Top of SOURCE INFORMATION

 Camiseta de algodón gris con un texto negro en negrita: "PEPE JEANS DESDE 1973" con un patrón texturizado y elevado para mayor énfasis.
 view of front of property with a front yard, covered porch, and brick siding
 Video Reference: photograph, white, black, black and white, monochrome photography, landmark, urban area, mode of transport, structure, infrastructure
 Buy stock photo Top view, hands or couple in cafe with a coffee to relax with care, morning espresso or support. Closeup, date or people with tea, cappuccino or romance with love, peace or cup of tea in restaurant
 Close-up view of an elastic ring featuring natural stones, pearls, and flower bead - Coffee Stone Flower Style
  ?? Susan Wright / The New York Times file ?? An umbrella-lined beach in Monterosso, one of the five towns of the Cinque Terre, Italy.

Bottom of SOURCE INFORMATION
Top of SOURCE INFORMATION

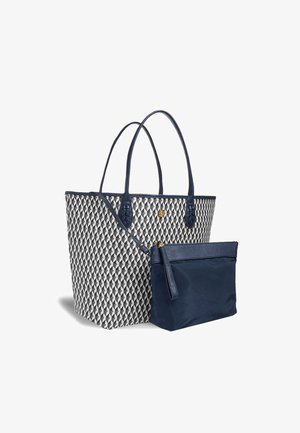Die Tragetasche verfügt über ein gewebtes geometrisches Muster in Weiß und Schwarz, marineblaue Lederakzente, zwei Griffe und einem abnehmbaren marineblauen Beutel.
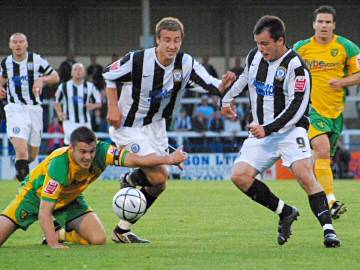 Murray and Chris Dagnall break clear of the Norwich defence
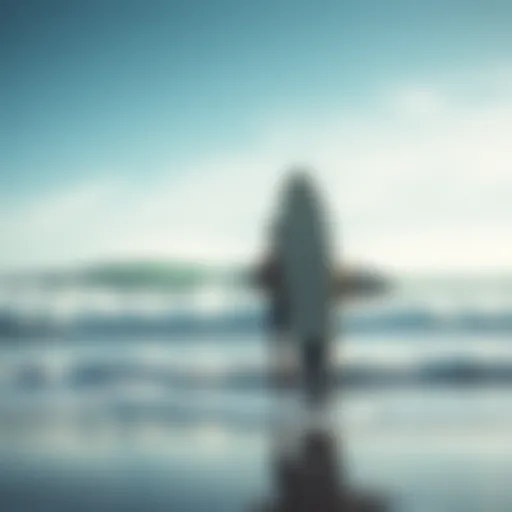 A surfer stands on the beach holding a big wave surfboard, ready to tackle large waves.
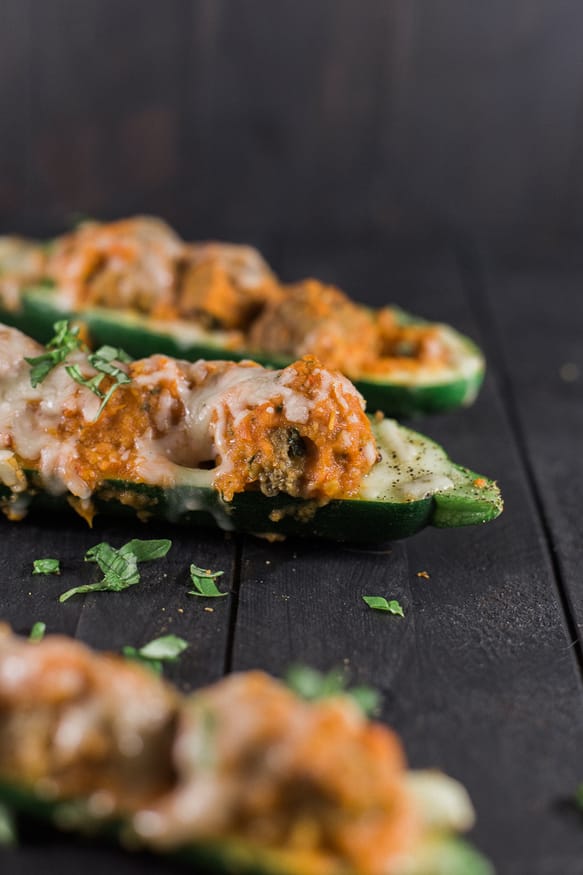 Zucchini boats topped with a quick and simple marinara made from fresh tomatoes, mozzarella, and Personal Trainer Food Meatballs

Bottom of SOURCE INFORMATION
Top of SOURCE INFORMATION

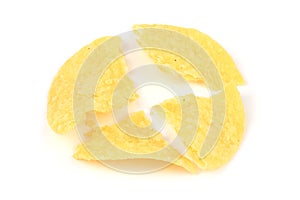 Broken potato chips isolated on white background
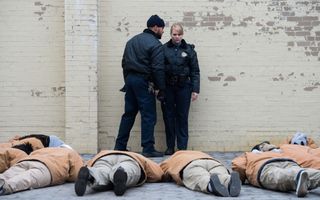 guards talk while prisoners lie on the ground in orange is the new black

Bottom of SOURCE INFORMATION

WHAT TO PRODUCE:
In the data above, retype only the stretch from the line with "Murray and Chris" through the line with "A surfer stands", word for word, and skip any pictures.

ANSWER BOX:
 Murray and Chris Dagnall break clear of the Norwich defence
 A surfer stands on the beach holding a big wave surfboard, ready to tackle large waves.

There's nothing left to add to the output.